Henry P. Behrensmeyer
Portrait and bio taken with permission from Michael
One of the foremost penmen and offhand flourishers of the early decades of this century,
H. P. Behrensmeyer was widely respected by his peers. Born on February 18, 1868 near
Quincy, Illinois, Mr. Behrensmeyer lived in Quincy all his life. As a boy, he attended the
Salem Parochial School and the public schools, and as a young man entered the Gem City
Business College. Here he studied penmanship under C. L. Martin, Fielding Schofield, and
D. L. Musselman, Sr. His interest in penmanship began, however, when he was in his teens.
He studied the art at night school, and practiced during spare moments while working as a
clerk in a grocery store. After graduation from high school, Behrensmeyer wrote to Mr.
Musselman (founder of the Gem City Business College), inquiring about what type of ink was
best for writing. Shortly thereafter, he applied to the college and was accepted as a
student. Within a few months time he had made so much progress in penmanship that Mr.

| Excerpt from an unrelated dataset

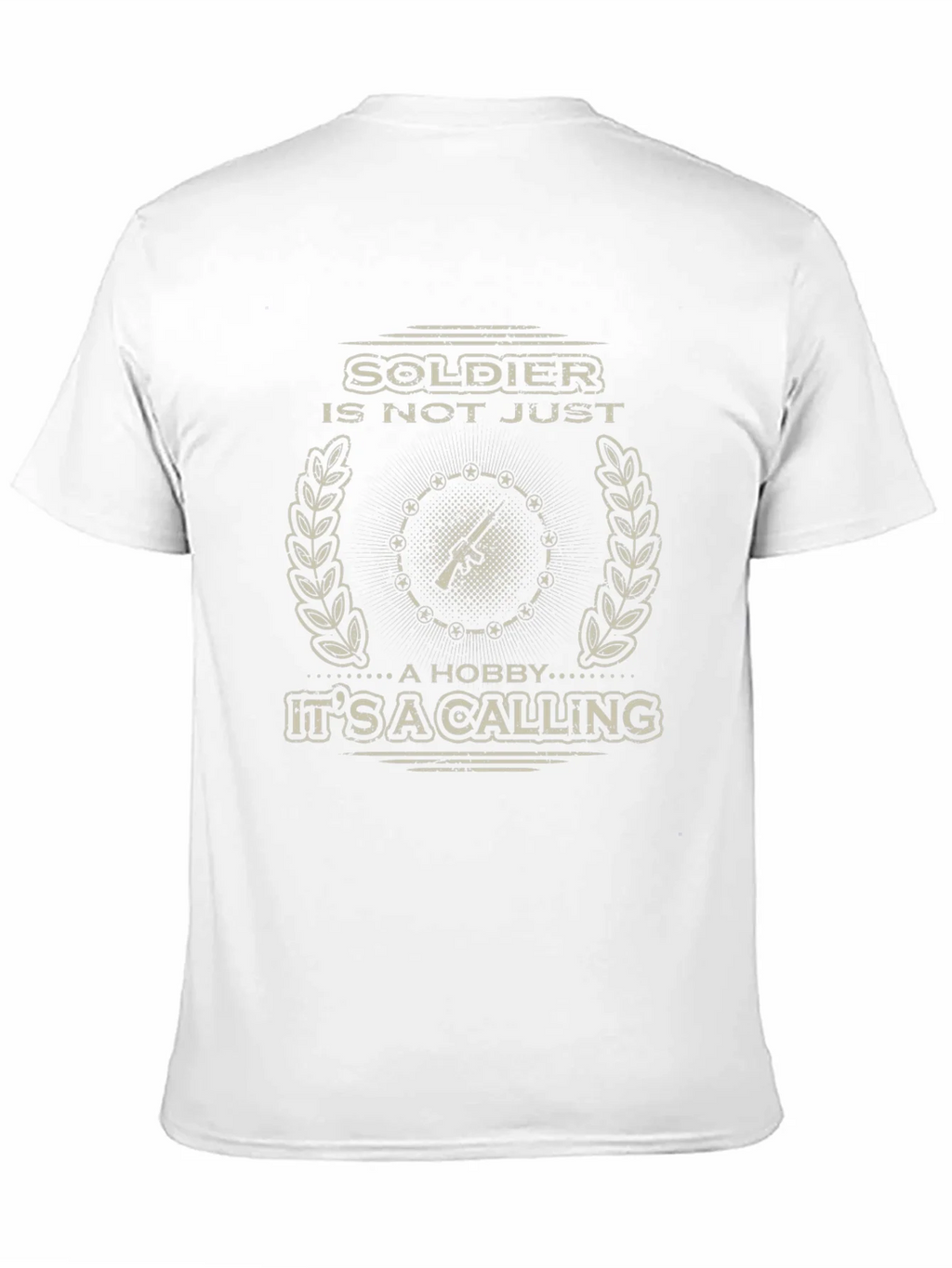 Soldier Calling Graphic Tee - Military Pride Shirt product image 10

Musselman began to take a special interest in him. He gave Behrensmeyer a job at the
college as a clerk, in which capacity the young pupil served for two, years. During this
time he was also given the responsibility of teaching penmanship. This work as a
penmanship instructor began in September, 1886. Soon afterwards, he was placed in charge
of the Penmanship Department, and continued in this role for over fifty years.